Cryptocurrencies are a rather new entrant into the fintech industry, and first came onto the scene with bitcoin nearly ten years ago. This pioneering token has built itself a social standing which remains unrivaled despite its many competitors.
Even institutions are increasing their own levels of participation, following the listing of mutual fund products designed to track their value and an upcoming launch of futures contracts.
These decisions come on the coattails of the investing public’s demand for crypto assets in a more reputable, legitimate trading environment. All the signs point to cryptocurrency becoming a big part of our future, which further benefits the crypto market’s biggest players. When cryptocurrency investing and trading, knowing the differences between these coins is key.

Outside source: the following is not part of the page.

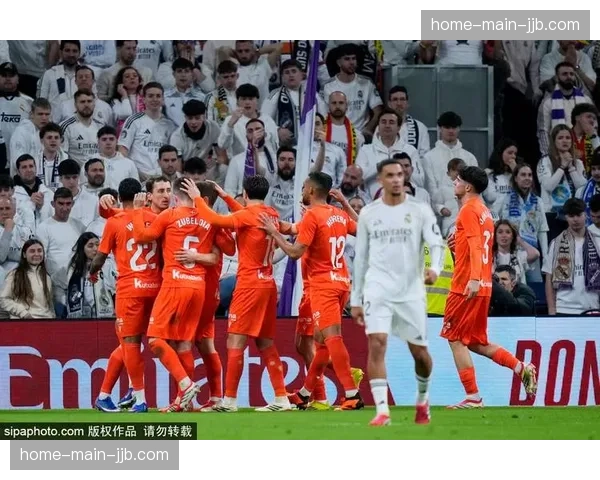 阿诺德时隔两月重返首发便献助攻，赛后更新社媒感慨回归真好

Bitcoin was developed and released in 2008 by Satoshi Nakamoto, the rumored individual or group behind the whitepaper that focused on cryptographic hashing and the power of the blockchain architecture underlying its design. The digital coin was launched in 2009 as the first decentralized payment method, and it was accompanied by the blockchain network to run bitcoin itself. The latter was developed to provide clients with a transparent, safe, and self-sufficient way to ensure its survival.

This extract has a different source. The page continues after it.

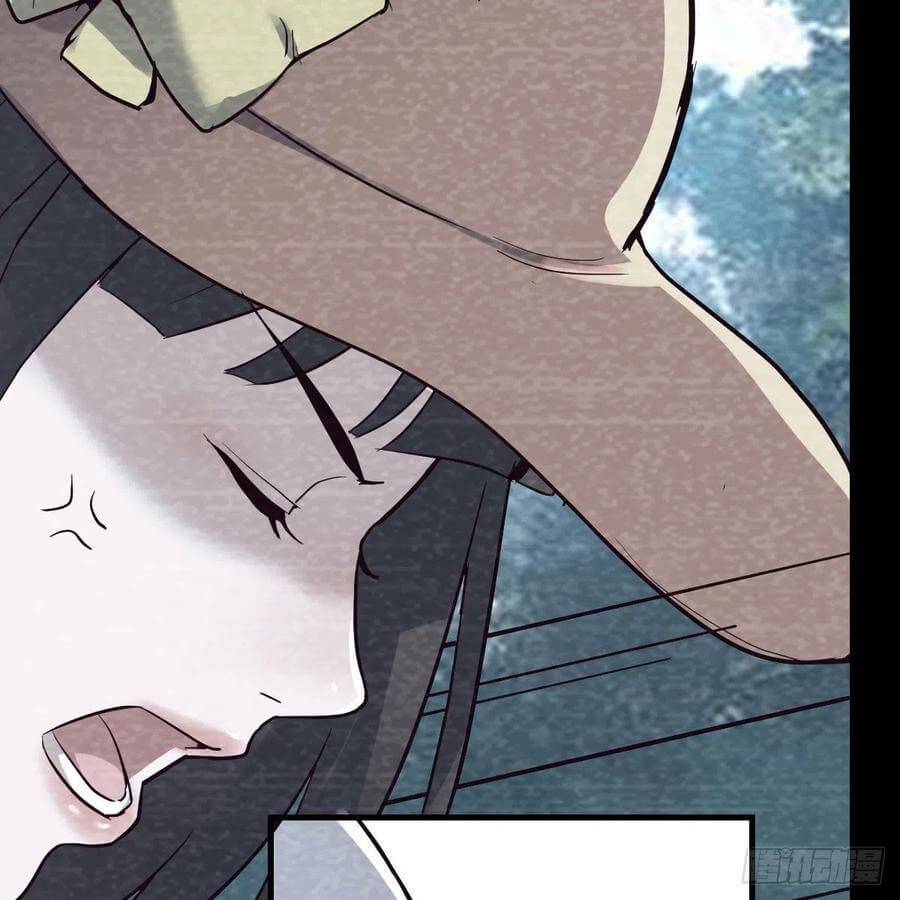 I Have Twin Girlfriends chapter 136 page 19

Bitcoin, however, did not limit itself to the cryptocurrency realm, and soon became an asset that could be traded for flat currencies like the US dollar and Euro. Our current situation was born, where traders prefer crypto investments to other assets due to their high degree of intraday volatility and separation from traditional markets. Bitcoin’s name has brought it huge increases in price, yet it remains in high demand despite its uphill battle to replace cash.
Bitcoin cash was created due to a disagreement between bitcoin core and a small group of developers regarding the scaling debate. Bitcoin’s developer team did not want to increase the block size limit to accommodate more transactions and faster processing speeds, instead deciding to adopt SegWit. SegWit is original bitcoin’s software that minimizes individuals’ transactions by moving the data to second layer solutions (still in development). The disagreement resulted in a hard fork during August, when holders were first introduced to bitcoin cash.
This token differed from bitcoin by having immediately increased the block size limit to 8MB, so the blockchain could accommodate more incoming data and improved processing speeds. Furthermore, the younger offshoot incorporated the Emergency Difficulty Adjustment (EDA) algorithm, so transaction verifications are kept short and cheap. EDA automatically decreases the mining difficulty to incentivize miners to participate and perpetuate such a system. Although in principle it operates very similarly to bitcoin, the ultimate purpose of bitcoin cash is greater transactability, improving its position as a currency instead of an investment asset, and therein is the impetus for its healthy price.
While each cryptocurrency has its own unique attributes, attractive advantages, and benefits, the industry is still young to the extent that a dominant solution has yet to surface. However, the benefits of such a diverse ecosystem mean that the space will continue to evolve and innovate, helping deliver more powerful solutions to a broader range of participants.